The Taoiseach Leo Varadkar has said that, in the event of a no-deal Brexit by the UK, some checks on goods and animals may need to take place near the Irish border.
He was speaking at the annual dinner of the British Irish Chamber of Commerce in Dublin on Thursday.
This suggestion comes despite repeated guarantees that there would be no infrastructure on the border, regardless of the outcome of Britain's exit from the European Union.
"Brexit is not a storm to be weathered. It is a permanent change in the political and economic environment in which the European Union and the United Kingdom will exist", Mr Varadkar said.
He told business leaders: "Our preferred outcome is a deal on the basis of the Withdrawal Agreement.
"The EU has been firm and respectful in its response that any deal must be consistent with the Withdrawal Agreement that was negotiated, in good faith, over a two-and-a-half year period by all 28 EU governments.
"Avoiding the return of a hard border on this island is a Government priority in all circumstances.
"We must protect peace on the island and the success of the all-island economy.
"This is why the backstop continues to be a critical component of the Withdrawal Agreement, unless and until an alternative is found.
"And yes, we are open to alternatives as we always have been. But they must be realistic ones, legally binding and workable in practice.
"We have received no such proposals to date."
He also painted a picture in the event of no-deal: "If no deal happens, first of all, some things won't change.
"The Common Travel Area will remain in place so British and Irish citizens will still be able to travel freely between our two islands and live, work, study and access healthcare, welfare, housing and the labour market as though we were citizens of both.
"Irish and Dual British-Irish citizens in Northern Ireland and Britain will be still be able to travel, work, do business and study throughout the EU without a visa or permit.
"For British only citizens, this will no longer be the case."
"When you fly into Ireland from Britain, you will no longer pass through the blue channel.
"You will have to choose the green or red one and pay any taxes that may be due.
"The same will apply to products bought online from the UK, brought in from Northern Ireland and EU consumer protections will no longer apply. "

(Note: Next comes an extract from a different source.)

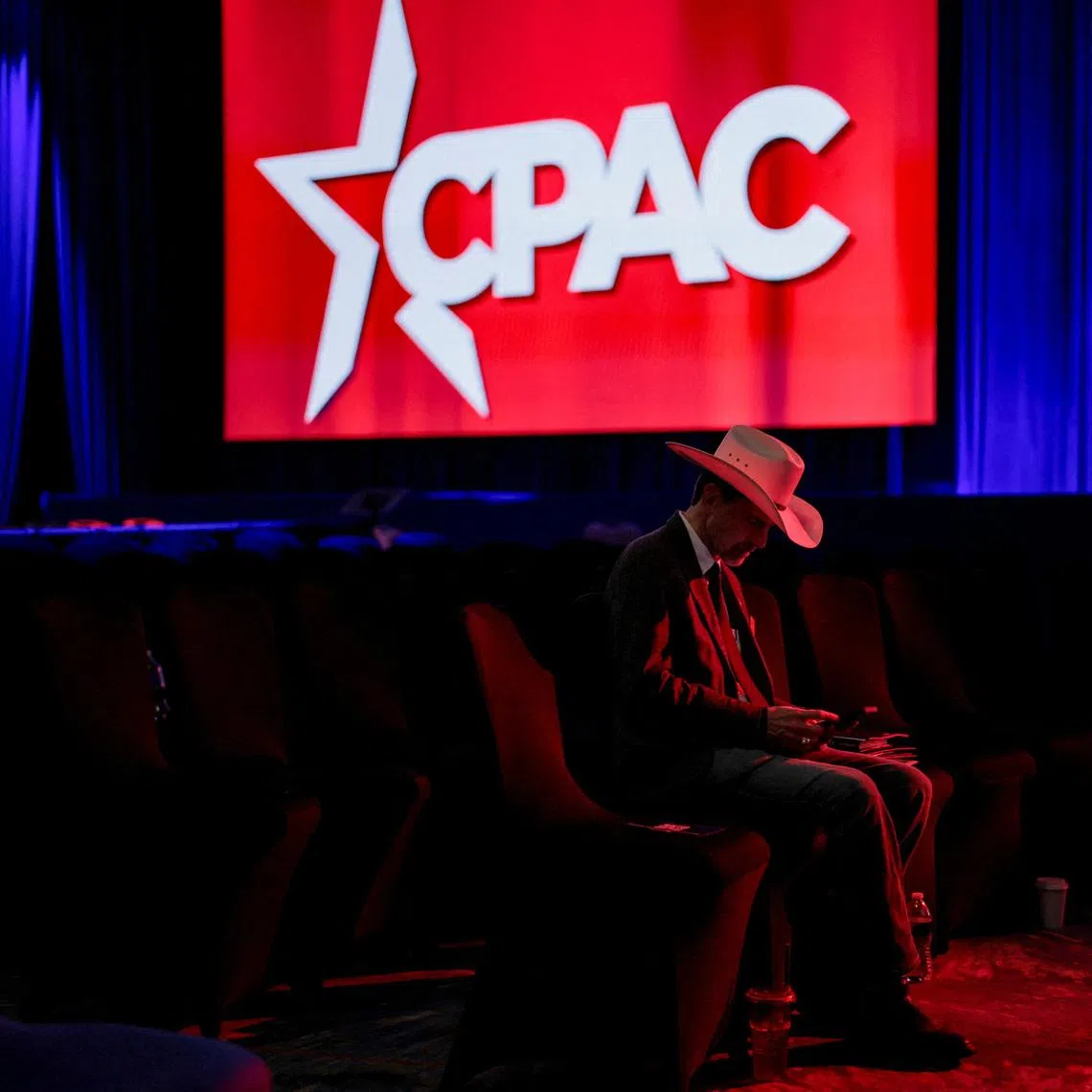 An attendee wearing a hat uses his phone during the 2026 Conservative Political Action Conference (CPAC) in Grapevine, Texas.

Referring to a recently announced transport extension, he added: "Flights, trains and buses will continue to operate normally for a period but an agreement will be needed for this to continue permanently.
"EU vessels will no longer be allowed to fish in UK waters and vice versa, though the commission has proposed a short extension of the status quo."
"Tariffs will apply to goods imported into Ireland from the United Kingdom and vice versa.
"The tariff schedules are already known. You will need to be registered as an importer/exporter and you will need to make customs declarations.
"This will be expensive and bureaucratic for business."
On the border in a no-deal scenario, he said: "There will be checks on goods and live animals and, as far as possible, they will take place in ports, airports and at businesses.
"But some may need to take place near the border. We are working out the details of this with the European Commission."
"A no-deal Brexit will have adverse effects on our economy causing growth to slow, but it will grow and we don't anticipate a return to recession."
"Unemployment will rise but total employment will also continue to rise albeit at a slower rate. There will be more people at work."
"The public finances will go from surplus to deficit but a deficit of less than 2%, so better than our longrun average.
"We do not anticipate pay cuts, income tax increases or reductions in overall public spending. There will be no return to austerity, we won't be taking that trip again", he added.
However a deal still needs to be agreed in Britain ahead of the October 31st deadline.
British Prime Minister Boris Johnson has already ruled out asking for a further Brexit extension, saying on Thursday he would "rather be dead in a ditch".
Meanwhile, a bill preventing a no-deal exit is set to complete its passage through the UK's House of Lords on Friday.
A UK general election is also likely to take place in the near future, despite a failed attempt by Mr Johnson to trigger one on Wednesday evening.
His motion was voted down in the House of Commons by 298 to 56.